No, I'm on Fedora 13, 'file' is really new here:

$ time file test
test: data

real    0m0.063s
user    0m0.007s
sys     0m0.003s

So, it seems like the first part of this bug has nothing to do with the 'file' utility. Have you actually tried to reproduce it?

comment:4 in reply to: ↑ 1 ; follow-up: ↓ 5 Changed 6 years ago by andrew_b

  • Description modified (diff)

Replying to angel_il:

it's no mc bug, update your "file" utility

Unfortunately, it's a bug of MC not 'file'.

birdie: s/warp/wrap ? :)

comment:5 in reply to: ↑ 4 Changed 6 years ago by birdie

Replying to andrew_b:

Replying to angel_il:

it's no mc bug, update your "file" utility

Unfortunately, it's a bug of MC not 'file'.

birdie: s/warp/wrap ? :)

Yep, wrap mode :)

comment:6 Changed 6 years ago by birdie

Viewing such a file in "Wrap" mode is a PITA, it seems like MC absolutely hates it :)

comment:7 follow-up: ↓ 8 Changed 6 years ago by birdie

I meant scrolling up and down using PgUp? and PgDown?

comment:8 in reply to: ↑ 7 Changed 6 years ago by angel_il

Replying to birdie:

I meant scrolling up and down using PgUp? and PgDown?

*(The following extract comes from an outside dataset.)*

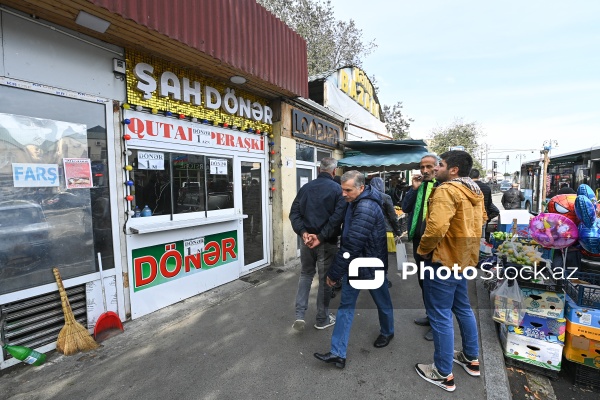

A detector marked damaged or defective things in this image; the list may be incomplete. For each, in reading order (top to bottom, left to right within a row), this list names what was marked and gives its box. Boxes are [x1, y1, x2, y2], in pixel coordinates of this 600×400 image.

rusty metal panel [90, 0, 304, 97]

i think - no way for make faster in this case...

comment:9 Changed 6 years ago by birdie

  • Milestone changed from 4.7 to 4.7.3

comment:10 Changed 6 years ago by angel_il

  • Milestone changed from 4.7.3 to 4.7

sorry but - NO WAY!

comment:11 Changed 6 years ago by birdie

I will be annoying.

I need to view great many binary files and right now MC dies too often to be even remotely usable.

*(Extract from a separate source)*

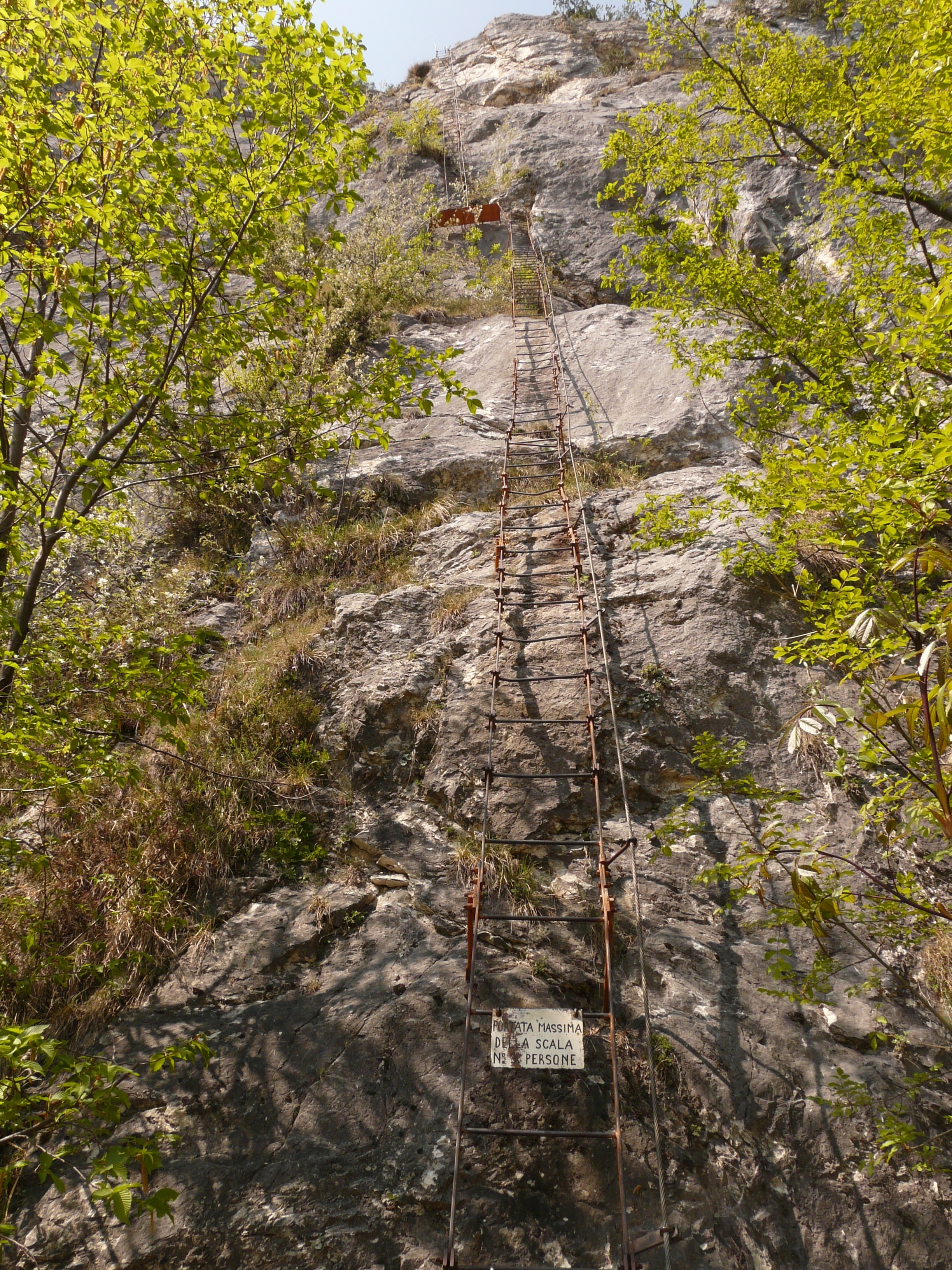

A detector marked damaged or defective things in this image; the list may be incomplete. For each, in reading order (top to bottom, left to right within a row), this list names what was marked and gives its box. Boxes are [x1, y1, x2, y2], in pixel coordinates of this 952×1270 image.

comment:12 follow-up: ↓ 13 Changed 6 years ago by zap

I agree this is a very annoying um... not a bug, rather mis-feature.

One possible solution is to limit the length of a single line to some sane value, say, 4096 characters. I don't think there are documents with more characters per line, and for binary files it doesn't make a difference - you wouldn't expect to see something consistent when vieweing a binary file in text mode.

Unfortunately, to see a file in hex mode you always have to open them first in text mode. This makes it just impossible to view large binary files full of zeros (like disk images). Especially this is annoying on weak devices (e.g. I have mc running on my Nokia N810).

So, while scanning for '\n' the scanner needs just to stop when it counts more than 4096 characters, that's all.

comment:13 in reply to: ↑ 12 Changed 6 years ago by andrew_b

Replying to zap:

So, while scanning for '\n' the scanner needs just to stop when it counts more than 4096 characters, that's all.

And what? How are you going to find the start of the next line if '\n' is located after 4096 chars?

comment:14 Changed 6 years ago by angel_il

maybe need search \n or 4096-th byte?

comment:15 Changed 6 years ago by birdie

  • Summary changed from MC viewer doesn't like some files [2 bugs here] to MC viewer doesn't like [binary] files with no line endings [2 bugs here]

I have updated the summary so that other people could find it easier.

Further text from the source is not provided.